- [TASK STATEMENT]: Your copy begins at the line with "Weather & Radar" and runs through the end of the data below. Set down only those lines exactly, without pictures.
BEGIN RECORDS PROVIDED
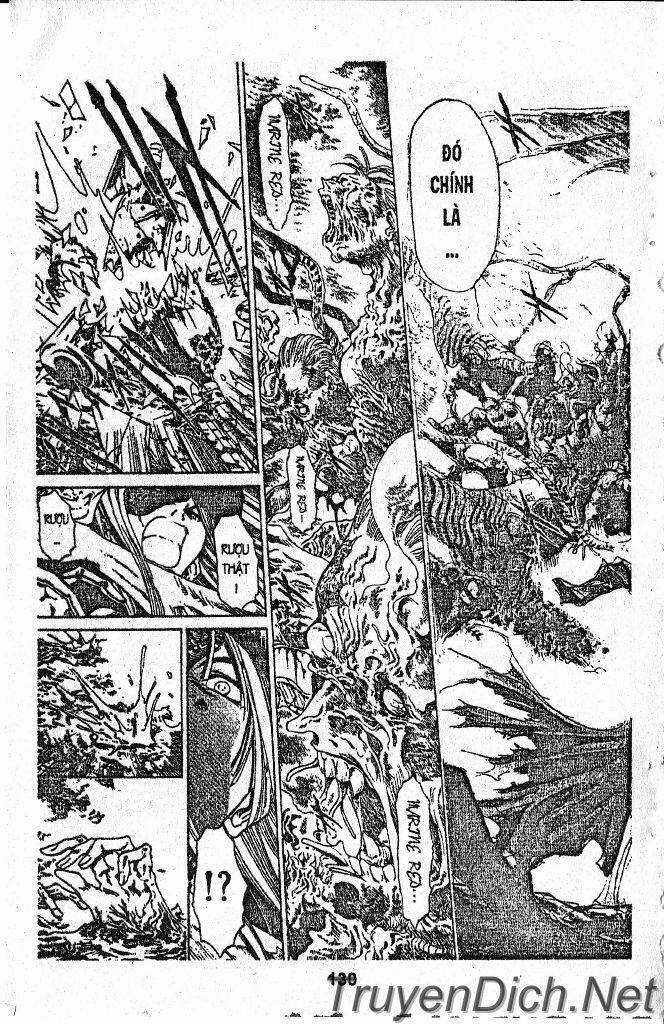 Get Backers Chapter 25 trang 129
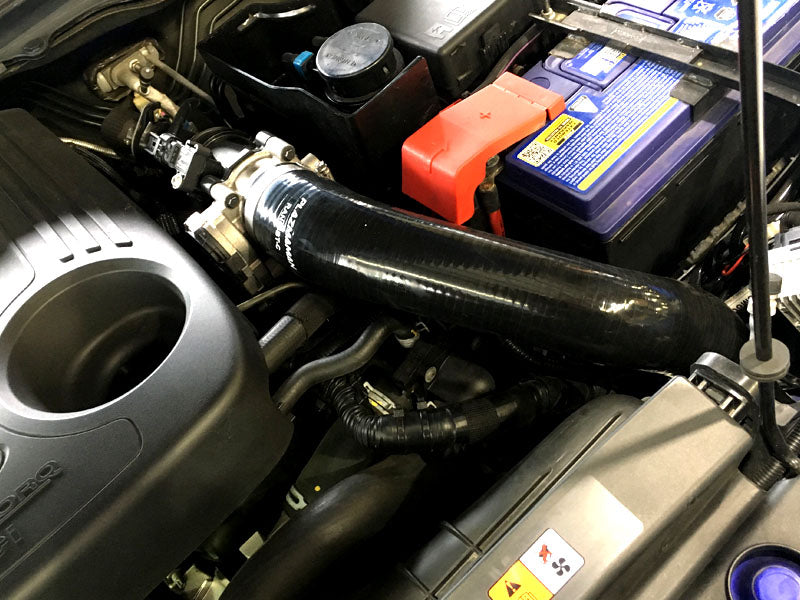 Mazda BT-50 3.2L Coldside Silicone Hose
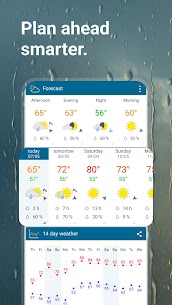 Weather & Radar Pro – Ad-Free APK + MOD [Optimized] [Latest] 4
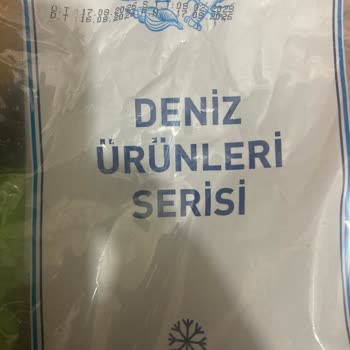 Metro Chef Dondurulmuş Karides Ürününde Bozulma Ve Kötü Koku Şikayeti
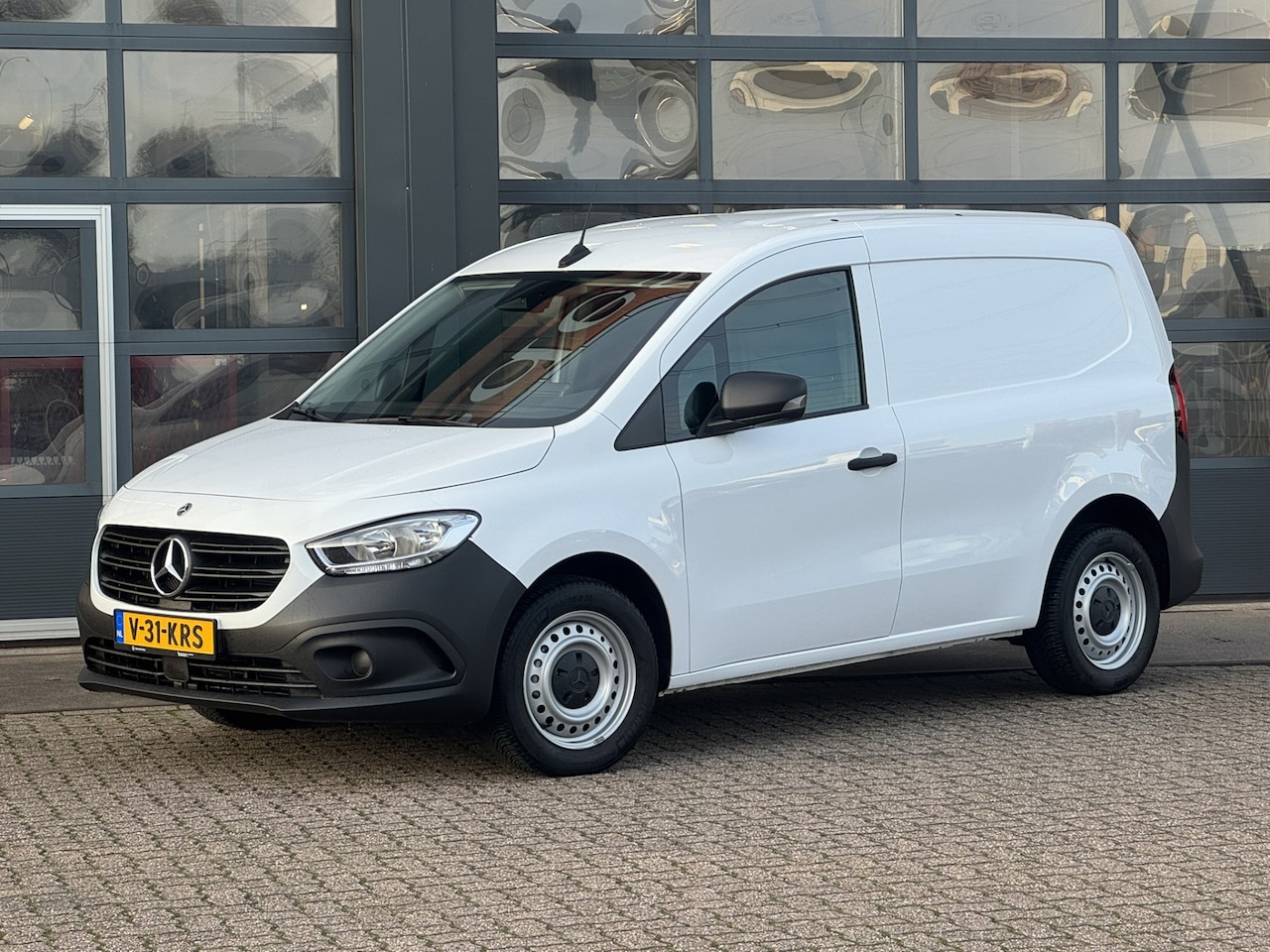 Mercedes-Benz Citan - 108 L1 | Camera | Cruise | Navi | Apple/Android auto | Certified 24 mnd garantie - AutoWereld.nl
END RECORDS PROVIDED
- [EXERCISE SOLUTION]:
 Weather & Radar Pro – Ad-Free APK + MOD [Optimized] [Latest] 4
 Metro Chef Dondurulmuş Karides Ürününde Bozulma Ve Kötü Koku Şikayeti
 Mercedes-Benz Citan - 108 L1 | Camera | Cruise | Navi | Apple/Android auto | Certified 24 mnd garantie - AutoWereld.nl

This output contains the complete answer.